How they've shifted over time
In the early H2020 period (2015–2018), Bull focused heavily on foundational HPC infrastructure — building energy-efficient processors, low-power accelerators, and contributing to European HPC strategy roadmaps through projects like Mont-Blanc 3, ExaNoDe, and EXDCI. From 2019 onward, the focus shifted toward exascale readiness, quantum computing, and domain-specific applications of HPC power (precision agriculture via CYBELE, biomedicine via CompBioMed2, weather via ESiWACE2). The trajectory is clear: from building the hardware to making it useful for real-world scientific and industrial problems.

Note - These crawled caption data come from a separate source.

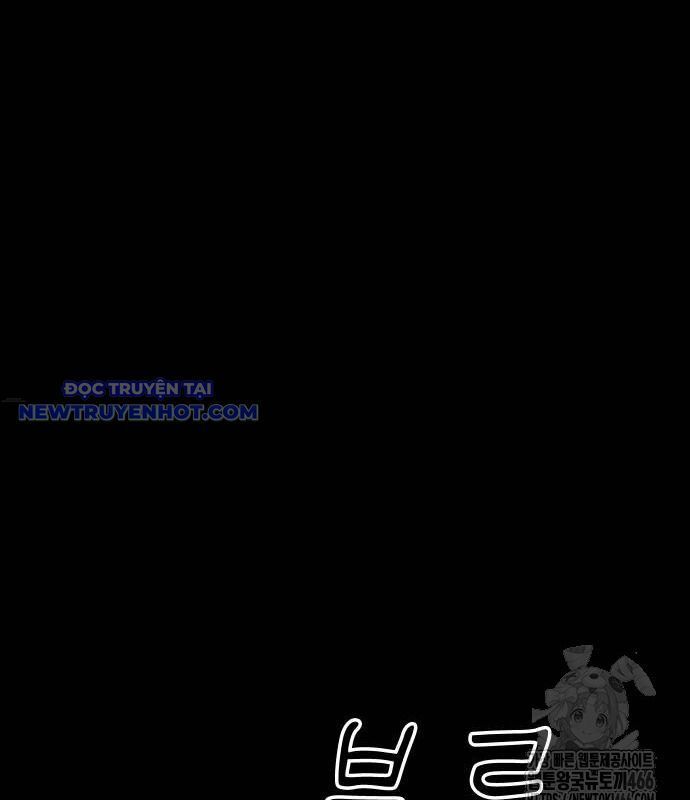 Người Trúng Độc Đắc Cũng Đi Làm Chap 49 - Next Chap 50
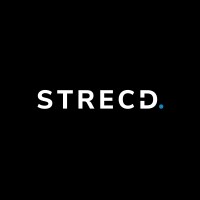 Strecd logo - Similar company to Webpresto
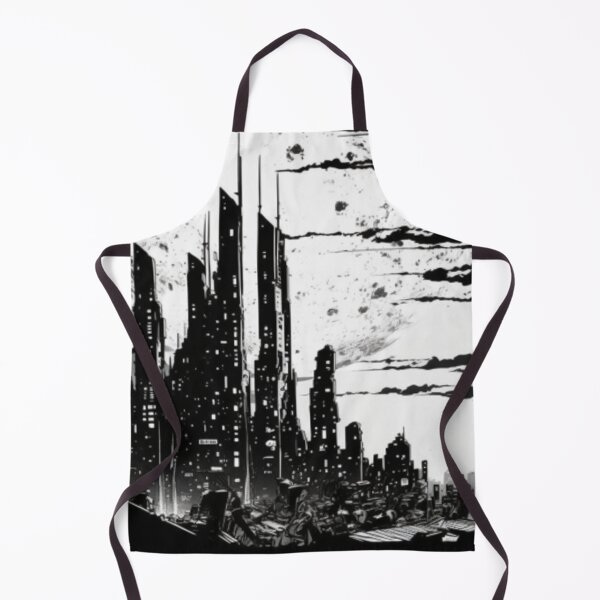 Item preview, lost in darkness designed and sold by Redkirra.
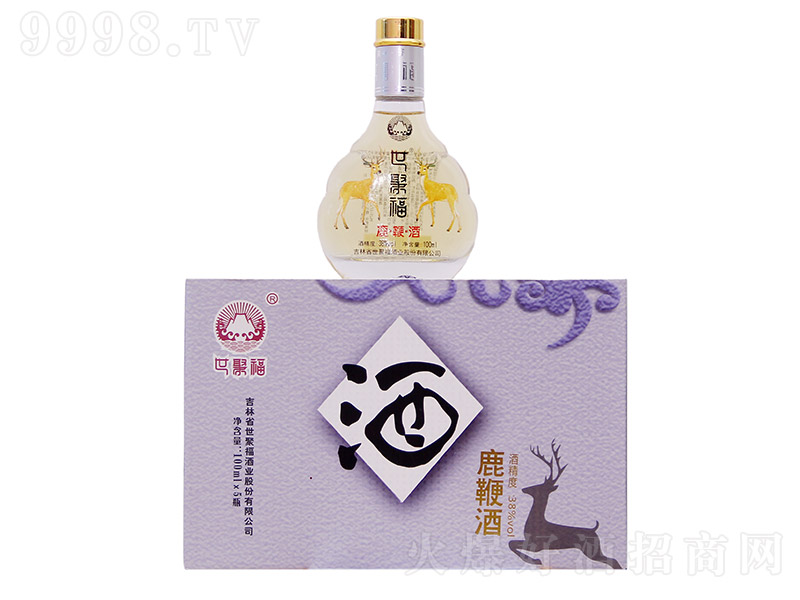 ۸¹޾ƽMϣ棩38100ml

Bull is moving up the stack from hardware supplier to application enabler, with quantum computing as their next major growth area — making them a strong partner for projects needing both infrastructure muscle and domain deployment expertise.
How they like to work
Bull operates primarily as an active participant (33 of 44 projects) but steps up to coordinate when the project centers on their core hardware competence — they led EPI SGA1 (Europe's processor initiative, EUR 13.7M), both Mont-Blanc projects, and NEASQC. With 392 unique consortium partners across 40 countries, they are a major hub in the European HPC ecosystem, not a niche specialist. Their pattern suggests they are easy to integrate into large consortia and bring infrastructure credibility that strengthens proposals.

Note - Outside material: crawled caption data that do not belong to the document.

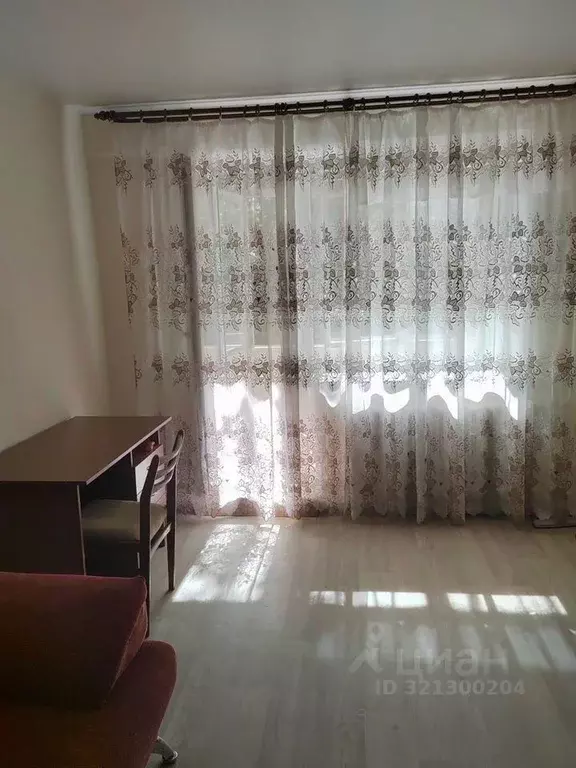 1-к кв. Самарская область, Самара Ново-Садовая ул., 42 (35.0 м) - Фото 1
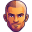 BaldLooks logo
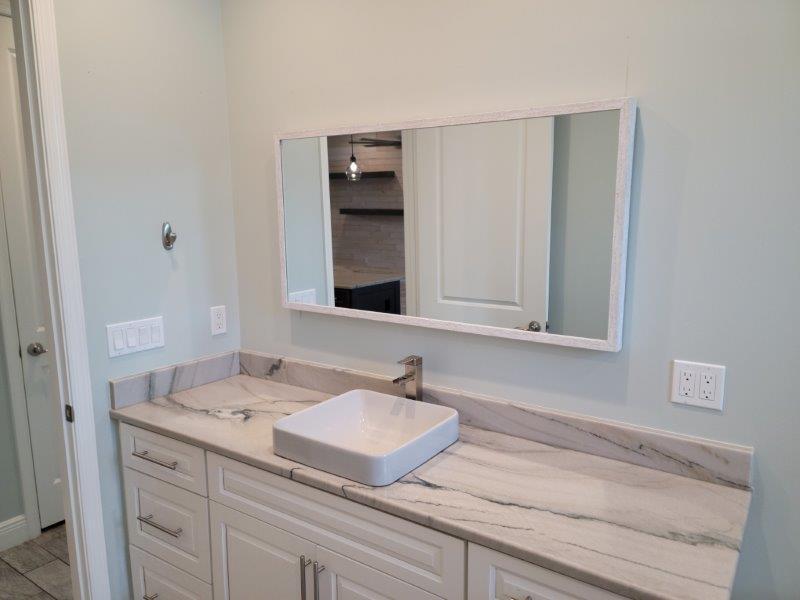 Port Saint Lucie, Florida, 34983, United States, 4 Bedrooms Bedrooms, ,3 BathroomsBathrooms,Residential,For Sale,1937385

Bull has worked with 392 distinct partners across 40 countries, making them one of the most connected HPC players in H2020. Their network spans nearly all EU member states plus international partners (e.g., ENERXICO with Mexico), with particularly dense connections in the French, German, and Spanish research ecosystems.
What sets them apart
Bull is one of very few European companies that can credibly offer end-to-end supercomputing capability — from custom processor silicon (EPI, Mont-Blanc) through system integration to application-level optimization. Unlike pure research institutes, they bring industrial-grade engineering and product delivery. Unlike American HPC vendors, they are embedded in the European sovereignty agenda, making them the go-to partner when a consortium needs a European hardware anchor.
Highlights from their portfolio
- EPI SGA1Largest single project at EUR 13.7M — Bull coordinated Europe's flagship effort to design a sovereign high-performance processor, a strategic industrial initiative.
- Mont-Blanc 2020Bull-coordinated follow-up (EUR 3.8M) designing a modular, power-efficient European HPC processor — the hardware foundation for European exascale ambitions.
- NEASQCBull's move into quantum computing leadership — coordinating a project on near-term quantum applications, signaling their strategic pivot beyond classical HPC.